International students will require English language CEFR (Common European Framework of Reference for Languages) level B2 or IELTS 6.5 or above.
If you fulfil the entry requirements you will be invited to visit the College for an interview with the programme tutor and another senior member of academic staff, and undertake a practical test if applicable.
Course fees are the same for UK and international students
Included is mandatory study trip costs of £400, which typically includes tailored visits to collections/exhibitions of specific interest to the programme of study.
Lunch, accommodation and other living expenses are additional. Find out more
If you are a UK/EU student you may be eligible to apply for a Student Loan (tuition fees and/or maintenance loans) from the Student Loans Company. There are also a variety of Scholarship and Bursary awards available for students who have accepted an offer to study here. Applicants for a scholarship should show outstanding potential and a commitment to their studies and future career in their chosen subject. Applicants for a bursary award are required to demonstrate financial need.
Graduates of the programme usually transition to the
MA Conservation Studies. Others pursue entry level positions in
the heritage sector. Previous students have gone on to work in
including the British Museum, National Maritime Museum, Fitzwilliam Museum, Victoria and Albert Museum, Museum of London and various businesses including Plowden and Smith Ltd., Arabesque and Richard Rogers Conservation.
"Prior to attending West Dean, I completed a BS degree in Manufacturing Engineering. Prior to that, I worked professionally as a toolmaker and machinist in the perforating and aerospace industries. I feel that studying conservation will lead to a career where I can combine my background in science and technology with my interests in hand crafts, art and history.
As a student I've had the opportunity to start a blacksmith student society, open to any student interested in the traditional art of blacksmithing and utilising the college's forge workshop.
I am looking forward to my summer position working as a conservation specialist focusing on operational artefacts for the Henry Ford Museum in Dearborn, Michigan.

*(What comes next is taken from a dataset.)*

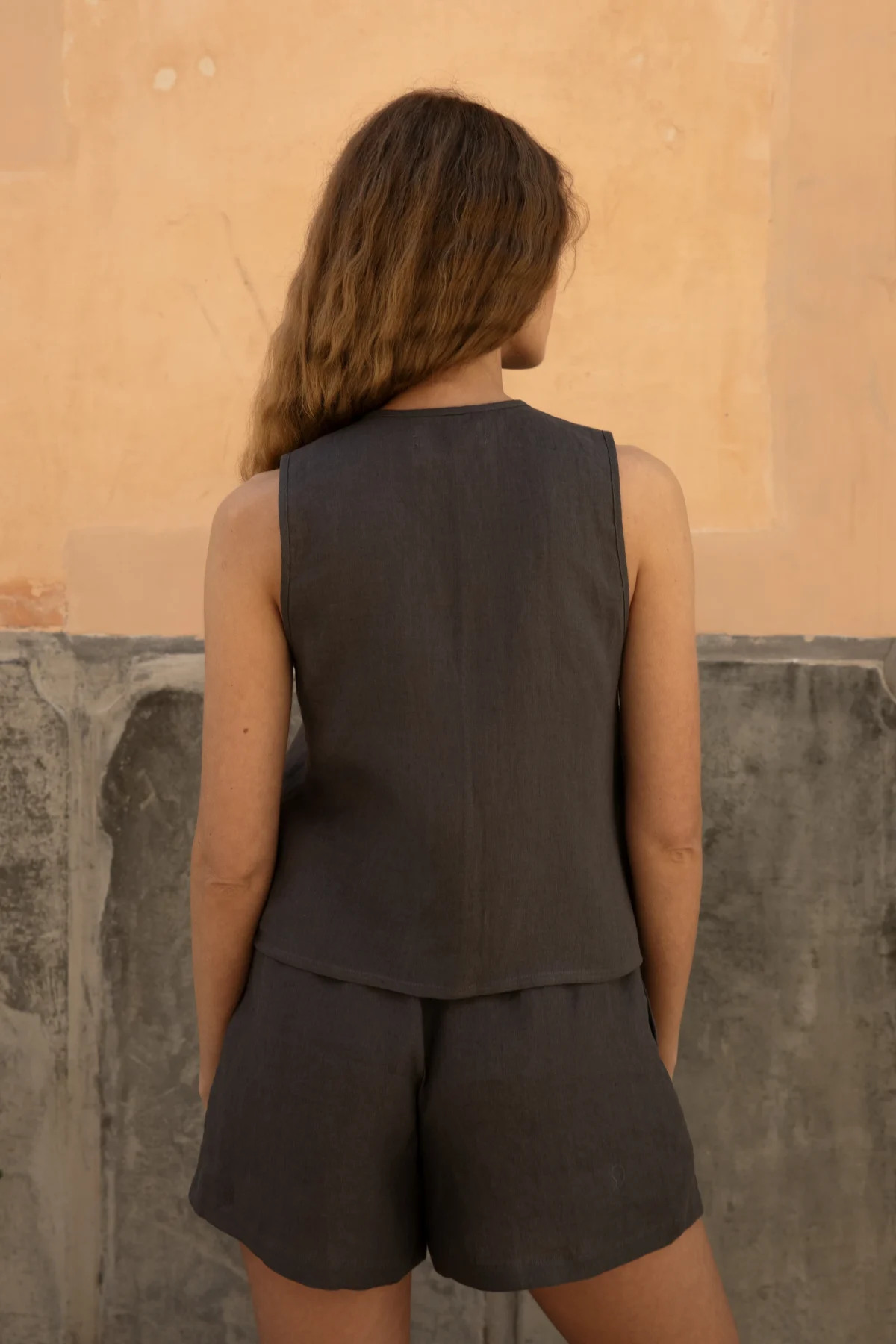 Lniana bluzka V Bow - Dark Grey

Daniel Ravizza, Graduate Diploma, Conservation of Metalwork
Dr Eric Nordgren brings over 20 years' experience as a metals conservator working with museums, universities, heritage agencies and private practice in the UK and around the world. He is active in the Icon Metals and Heritage Science groups, and is an associate member of AIC, ICOM-CC and the Historical Metallurgy Society.
Subject Leader FdA Metalwork
Grant McCaig is an internationally recognised Silversmith and educator. His work is in several major collections including National Museums of Scotland, the Goldsmiths' Company, Birmingham Museums & Art Gallery and Aberdeen Art Gallery. He has taught in Japan and Colombia, is a selector for Cockpit Arts and mentor for the Crafts Council.